The config "1B_qlora_single_device_custom.yaml" contains the paraneters to pretrain the model

In [None]:
## Don't uncomment, finetuning takes a few hours


# !tune validate configs/1B_qlora_single_device_custom.yaml

# !tune run lora_finetune_single_device --config configs/1B_qlora_single_device_custom.yaml


## The new model will be saved in Llama-3.2-1B-Instruct-tuned folder. By doing unsupervised finetuning, the model has lost the capability to interact with humans and is now a sentence completion model. We will do some intruction finetuning where we give the model a question or a instruction and train it to match the answer that is desired.

### For this task, we used the same wirelss standards booklet and used CHATGPT to generate some question-answer pairs to the instruction finetuning of our new model.

### The question-answer pairs are stored in the file: alpaca_questions.json

We use the llama_instruction_tune config to define the parameters of this supervised finetuning.

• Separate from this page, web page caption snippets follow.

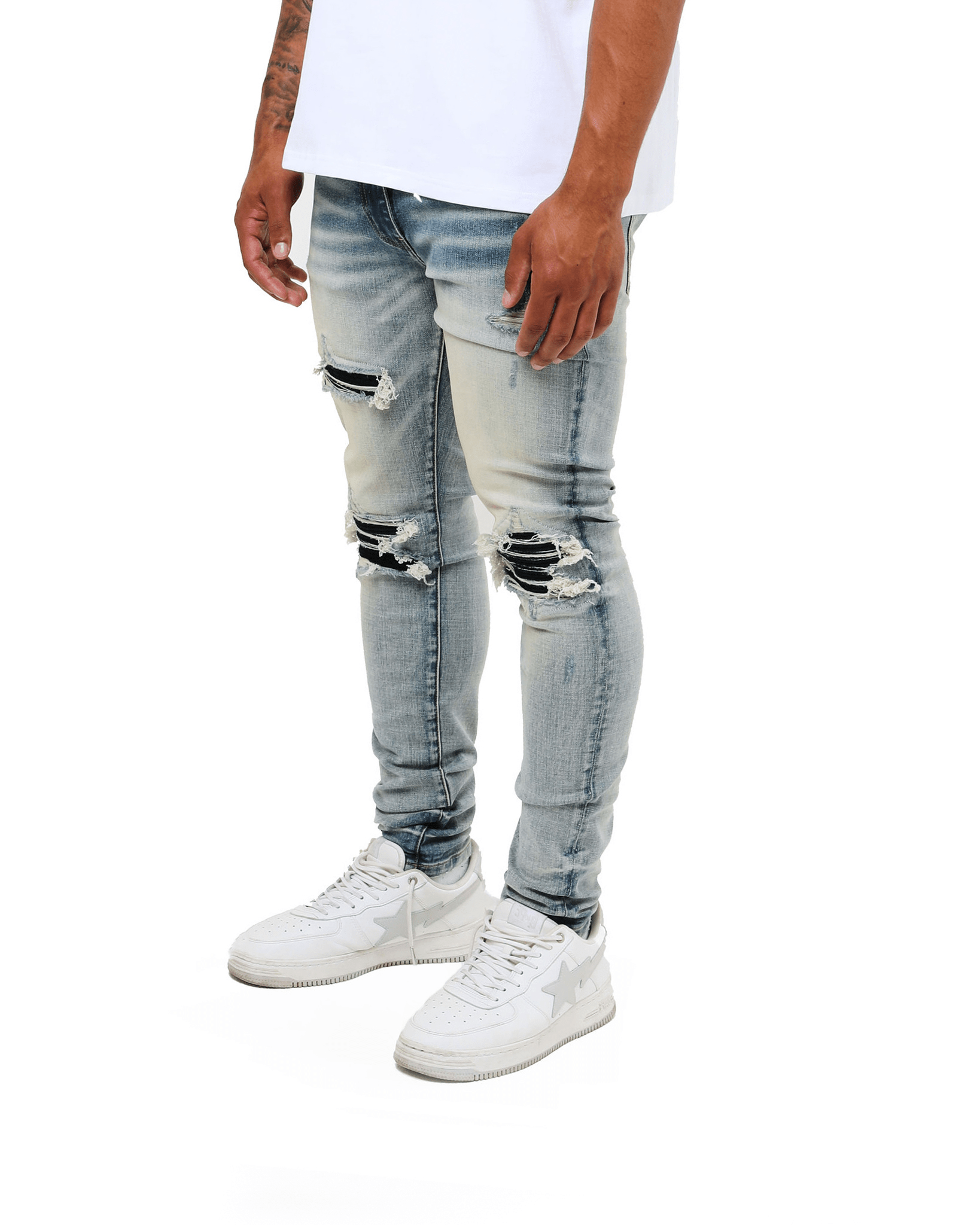 Amicci Cremano Black - Premium Ripped Distressed Denim Jeans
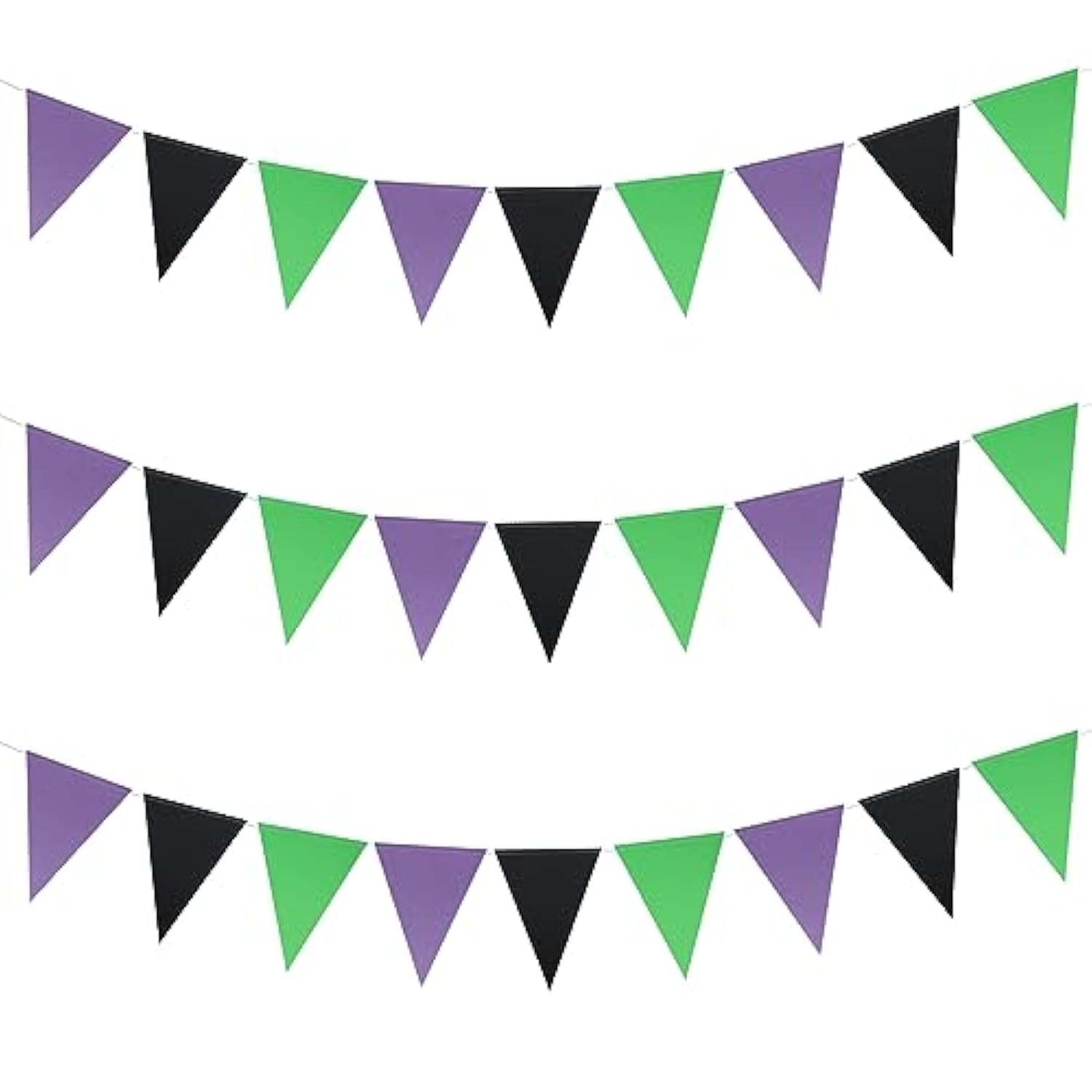 3 Pack Purple Black Green Glitter Halloween Pennant Banner Triangle Flag Party Decorations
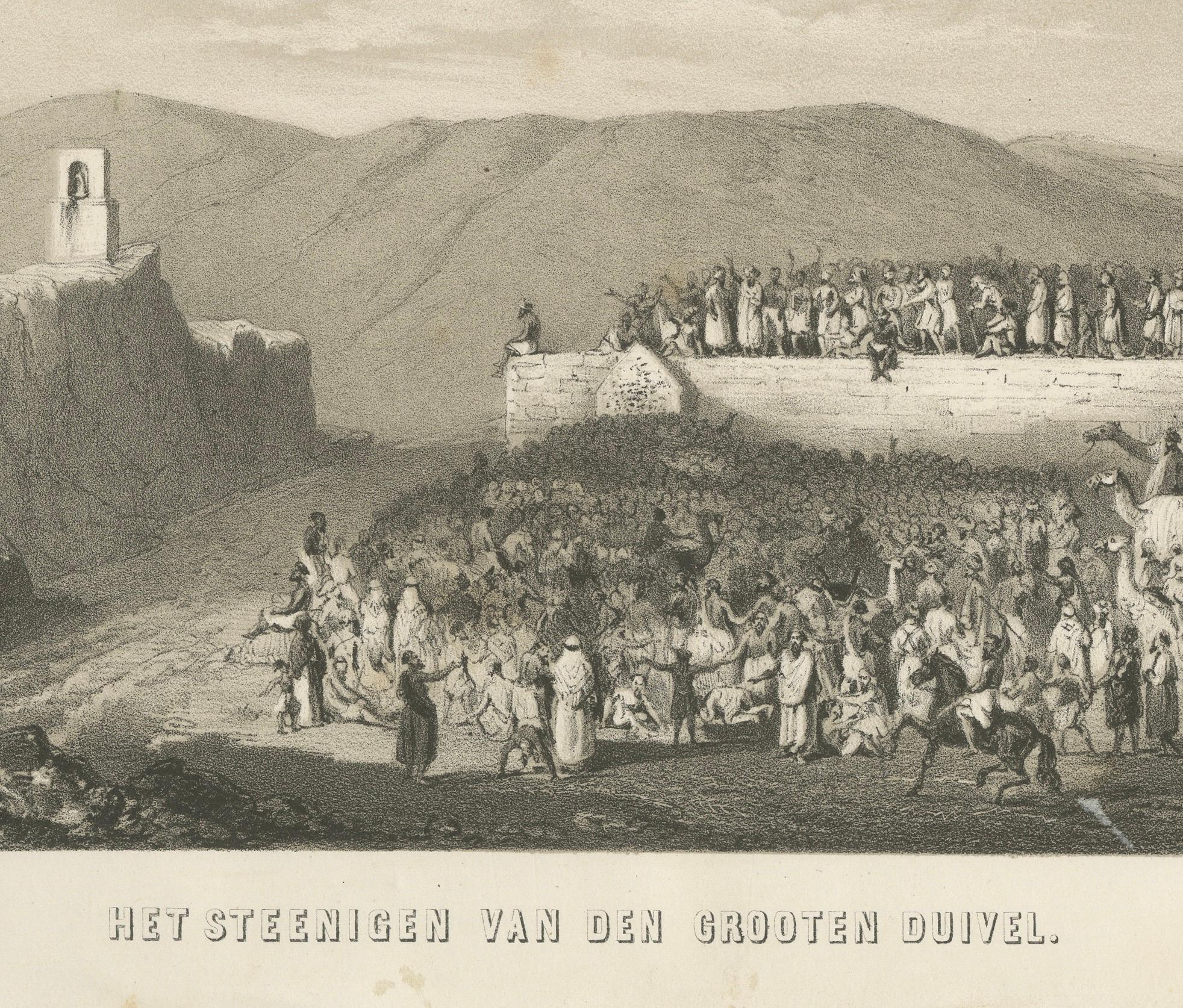 Islamic Ritual Print Stoning of the Great Devil, 1863 Dutch Lithograph Grabado en venta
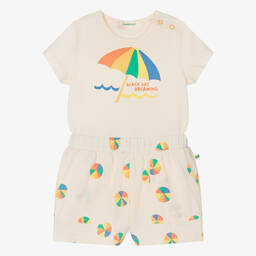 The Bonniemob-Ivory Organic Cotton Parasol Shorts Set | Childrensalon Outlet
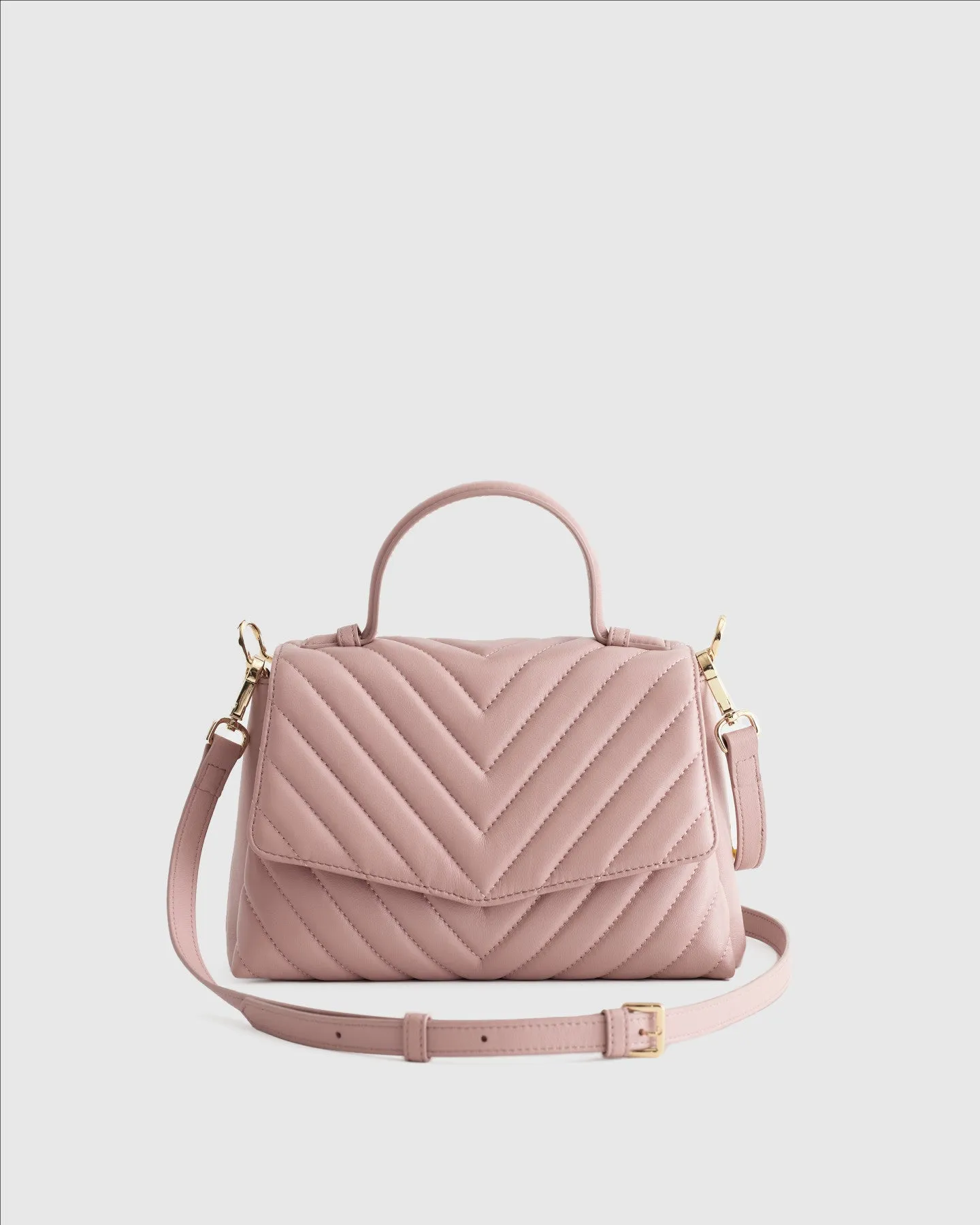 Italian Leather Quilted Top Handle Satchel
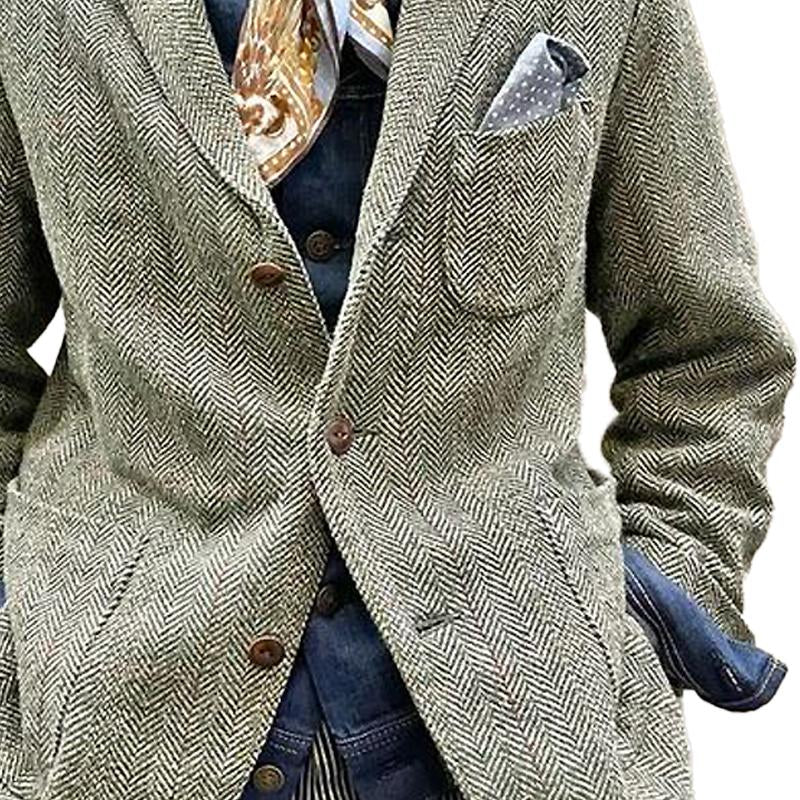 Vintage Herringbone Single-Breasted Lapel Multi-Pocket Blazer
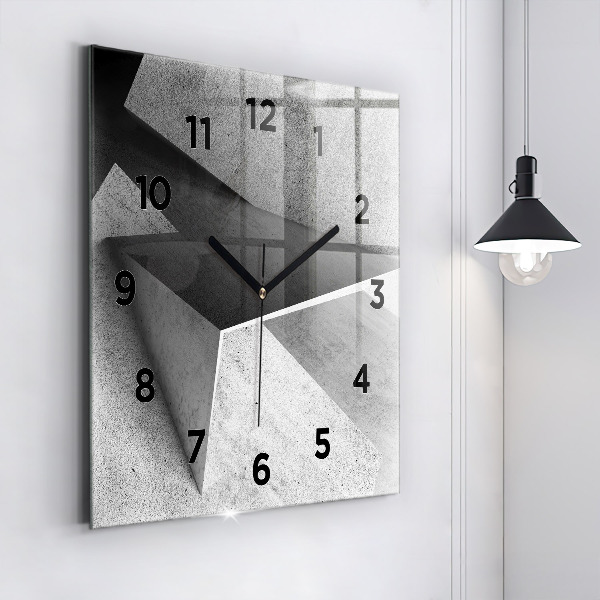 Square glass wall clock Abstraction triangles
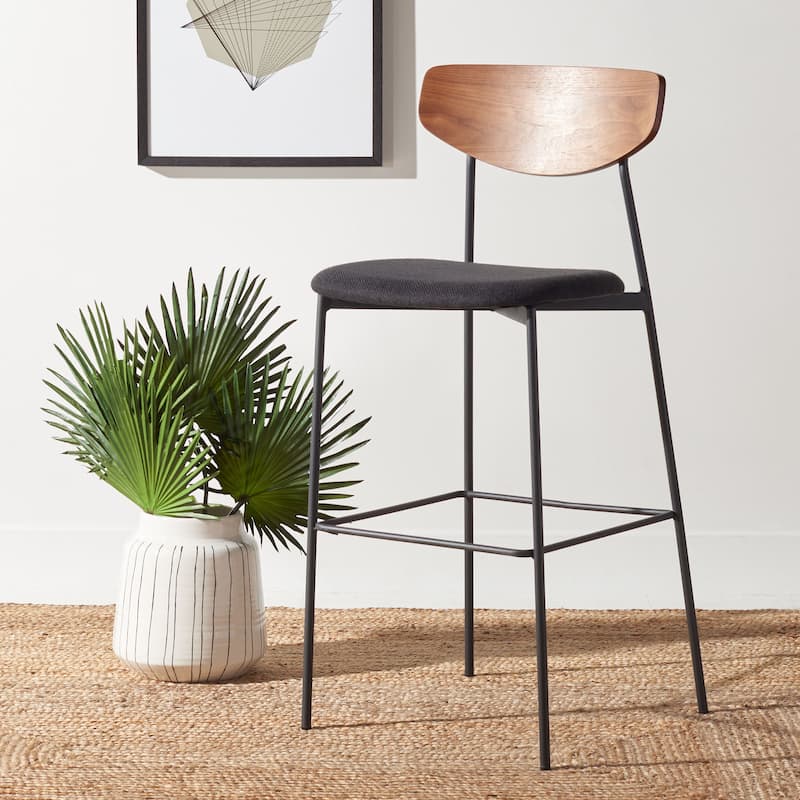 SAFAVIEH Whitney Bar Stool - 20.5" W x 20" L x 43" H - 21Wx20Dx43H - Walnut/Black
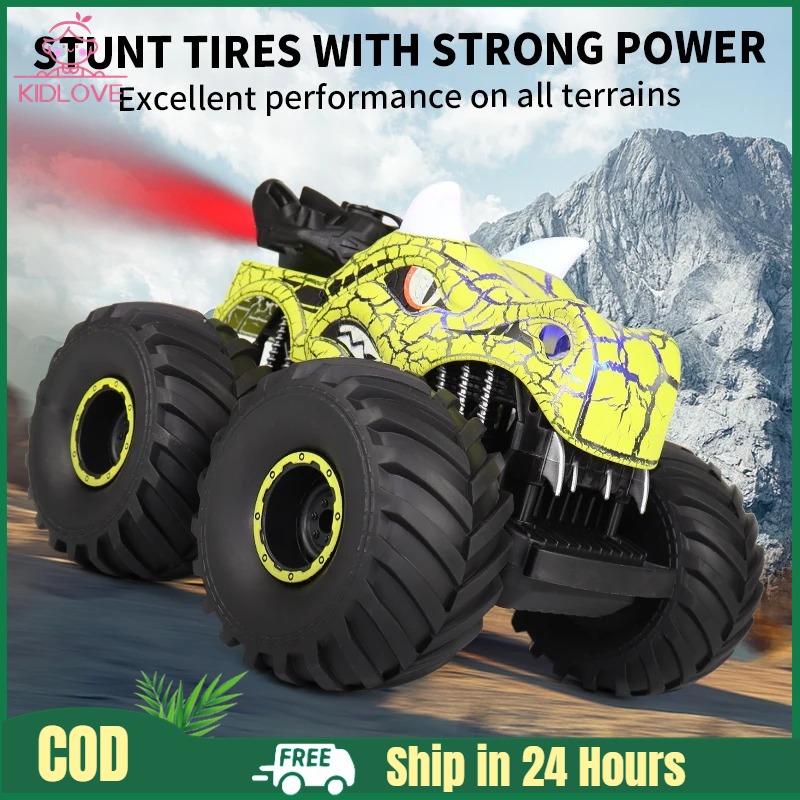 Remote Control Car For Kids Dinosaur Spray Toy 2.4G 6CH Off-road Vehicle With Lights Sound Car Toy Model Gifts For Boys Girls ราคา 619 บาท*ส่งฟรี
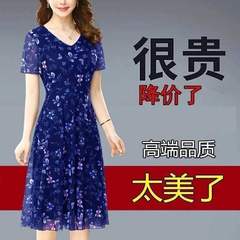 碎花雪纺连衣裙女夏2025新款妈妈装中年短袖台湾纱大码过膝长裙子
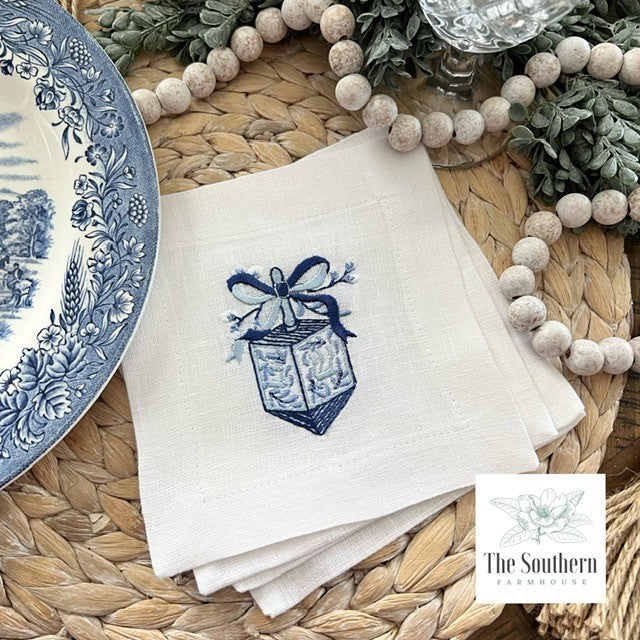 Set of 4 Embroidered Holiday Cocktail Napkins - Hanukkah Dreidel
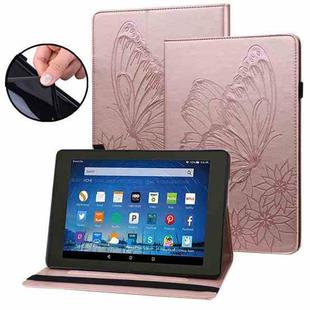 For Amazon Kindle Fire HD 8 2020 / 8 Plus Big Butterfly Embossed Smart Leather Tablet Case(Rose Gold)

The new finetuned model will be saved in Llama-3.2-1B-Instruct-alpaca

In [None]:
## Don't uncomment, finetuning takes a few hours

# !tune validate configs/1B_qlora_single_device_custom.yaml

# !tune run lora_finetune_single_device --config configs/llama_instruction_tune.yaml


## Evaluation

### Let's evaluate the original model on 40 MCQ questions

In [None]:
import json
import subprocess
import re
import shlex

# Load the MCQ questionnaire from the JSON file
def load_questions(filename):
    with open(filename, 'r') as file:
        return json.load(file)

# Function to extract the answer from the LLM's response
def extract_answer(llm_response):
    # Using a regex to find the final answer after 'Answer' with optional colon
    match = re.search(r"(?i)\banswer\s*:?\s*(is\s*)?([A-D])\b", llm_response)
    if match:
        return match.group(2)
    return None

# Function to clean the options by removing None or empty values
def clean_options(options):
    # Filter out None or empty strings
    return [option for option in options if option not in (None, "")]

# Function to call torchtune and get the LLM's response
def generate_llm_response(question, options, config_name):
    # Universal prompt to be used before every question
    prompt = ("Answer the following multiple choice question. First provide a short reasoning. "
              "After this conclude with Answer in a single string whose values can be one of the 4 alphabets A, B, C, or D. "
              "For example, Answer option number in alphabet. Do not forget to give the final answer in the end from either A, B, C or D.")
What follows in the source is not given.